R12: Done as suggested, please see line 129 marked in blue.

 

C13: Line 112: Please include the catalog number of the kit used in this section. Also, mention the catalog numbers of all other kits used throughout the study.

R13: Done as suggested, please see lines 136, 146, 159, 172-173, 200 marked in blue.

 

C14: Please provide references for all protocols mentioned in the Materials and Methods section, especially the original articles or manuals from which the protocols were derived.

R14: Done as suggested, please see lines 129, 157, 188, 207 marked in blue.

 

C15: Figure 2: Clearly indicate the control group in the figure. The article should include either positive or negative controls to properly interpret the experimental results.

R15: Done as suggested, please see lines 130-133, 277 marked in blue.

 

C16: Line 190: The format of the cited reference in this line does not match the format of other in-text citations. Please ensure that all references follow a consistent format and that a DOI (Digital Object Identifier) is included for each cited paper.

R16: Done as suggested, please see line 207 and all of the references in References section.

 

C17: Please include a general discussion in the Discussion section about the industrial applicability of this work and its results in monitoring rice fields globally.

R17: Done as suggested, please see the Discussion section, lines 436-447 marked in blue.

 

C18: In the Discussion section, compare the limitations of the methods used in this study.
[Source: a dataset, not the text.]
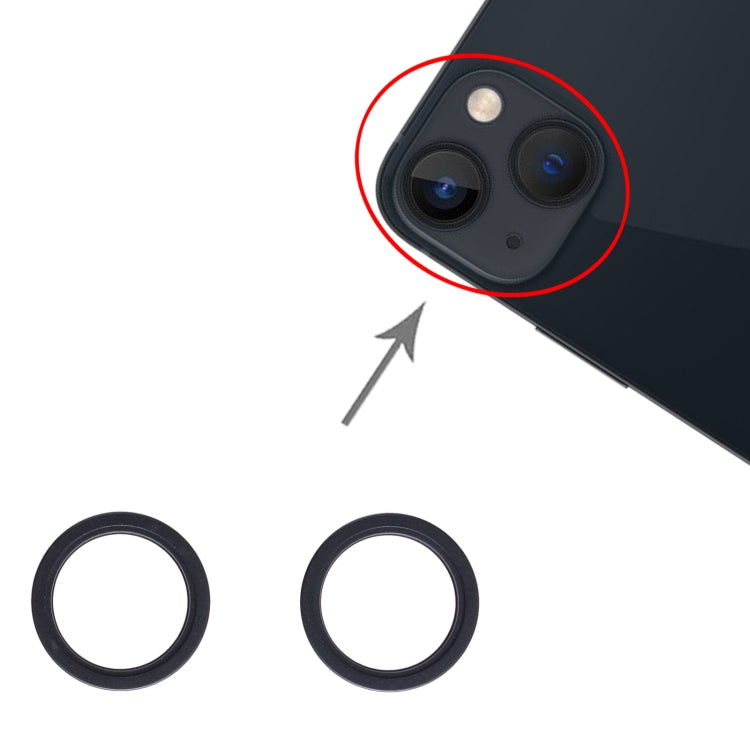 2 PCS Rear Camera Glass Lens Metal Outside Protector Hoop Ring for iPhone 13 mini(Black)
R18: Done as suggested, please see the Discussion section, lines 448-453 marked in blue.

 

C19: The conclusion section is too long and includes repetitive content from other sections of the manuscript. Please rewrite this section to concisely summarize only the key experimental findings.

R19: Done as suggested, please see the Conclusion section, lines 454-465 marked in blue.

 

C20: The references used in the article are outdated. Please use more recent and up-to-date references to support the discussion and compare the obtained results with those reported in recently published articles from scientific databases.

R20: Done as suggested, please see the References section marked in blue.

Round 2

Reviewer 2 Report

Comments and Suggestions for Authors

Table 4 should be moved from the 'Discussion' section to the 'Results' section.

Author Response

C：Table 4 should be moved from the 'Discussion' section to the 'Results' section.

R：Done as suggested, please see Lines 328-340 marked in blue.

Reviewer 3 Report

Comments and Suggestions for Authors

Dear colleagues,

I have no further comments on this paper. It can be accepted for publication in this journal. 

Best regards, 

Rasouli. H

Author Response

C：I have no further comments on this paper. It can be accepted for publication in this journal. 

R：Thank you for your review and decision. We appreciate your time and feedback.